Low wages have huge negative impacts – for families, for communities and for our economy. Low wages mean many struggle to make ends meet (or can’t make ends meet). Low wages mean that essential investment in lifting productivity by investing in technology and lifting skill levels has not had the necessary economic imperative. If you have to pay decent wages you become focused on getting the best possible results. Low wage workers are seen as readily replaceable commodities. Low wages pushes our families to Australia to get a better deal (on average wages are 30% higher).
So the new employment relations policy is focused on delivering the benefits of collective bargaining to more New Zealanders and importantly the mechanism for doing so is created through extending negotiated outcomes to become industry standards.

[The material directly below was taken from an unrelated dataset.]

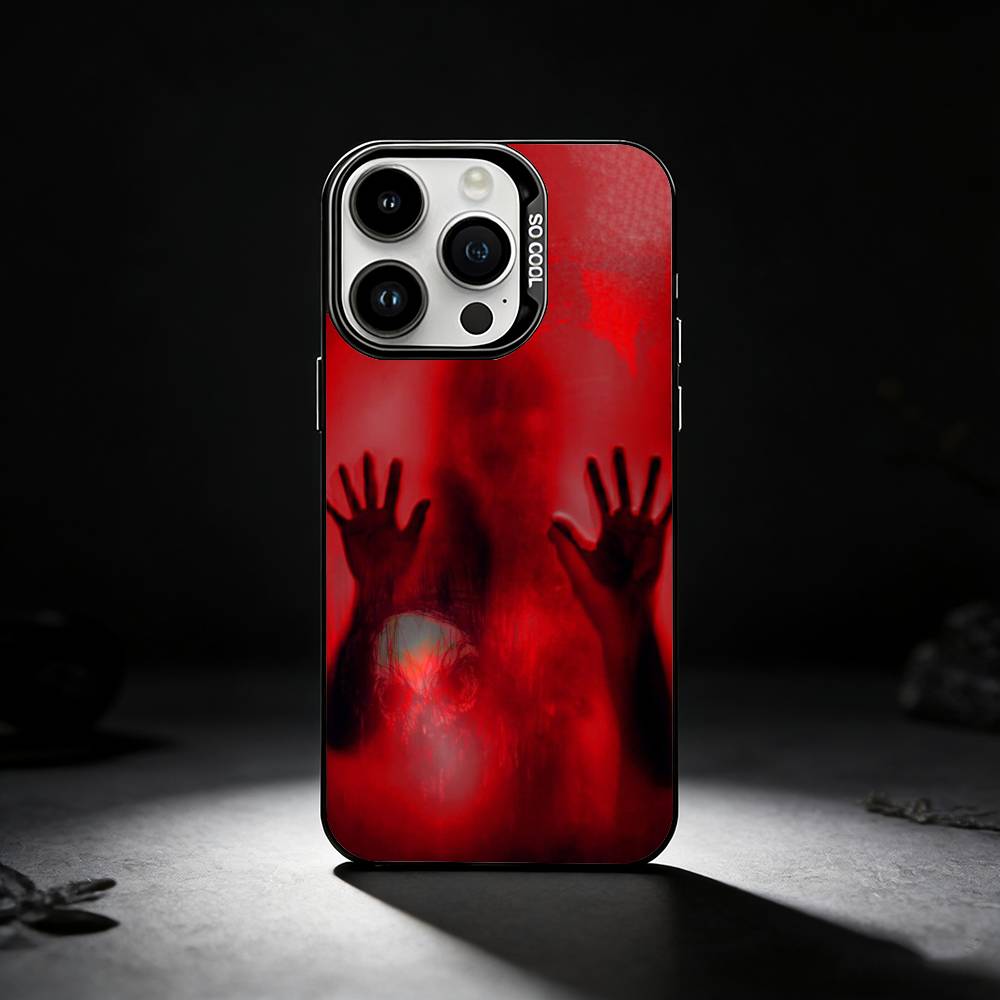 КРОВАВЫЙ СПЛЕТЕР на ХЭЛЛОУИН Чехол для телефона Для iPhone 17,16,15,14,13,12,11 Plus,Pro Max,XS,Цветной серебристый чехол для телефона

This will require industry level negotiations. What this does is to facilitate focus on industry wide issues like training and qualifications and standards. It requires cooperation at the industry level.
In my mind this is vital to shifting our economic performance. If firms can compete on driving down wages and conditions inevitably a productivity enhancing investment approach comes under pressure. Short term cost reduction becomes the driver. We cannot become a high wage, high skill and highly productive economy with this approach.
CTU President Helen Kelly gave a very clear and passionate elaboration of a new employment relations framework. As she says “ It is time for a new look. While this Government has proven to be a disaster in all of these areas (high unemployment, low wages, long hours, unfair taxation, reduced social security and public services – my summary) , it has been able to get away with it because the current economic paradigm is completely dominant and unchallenged. That paradigm tolerates poverty as a natural partner to wealth, that paradigm values wealth over any or all social values and that paradigm makes working people the victims of all and any of its failures”.
A new employment relations framework is necessary. It is necessary because it is vital to shift to the type of economy we need, it is necessary from a rights perspective (real rights to collective bargaining and to having an independent voice) and it is necessary to deliver a decent standard of living for all New Zealanders.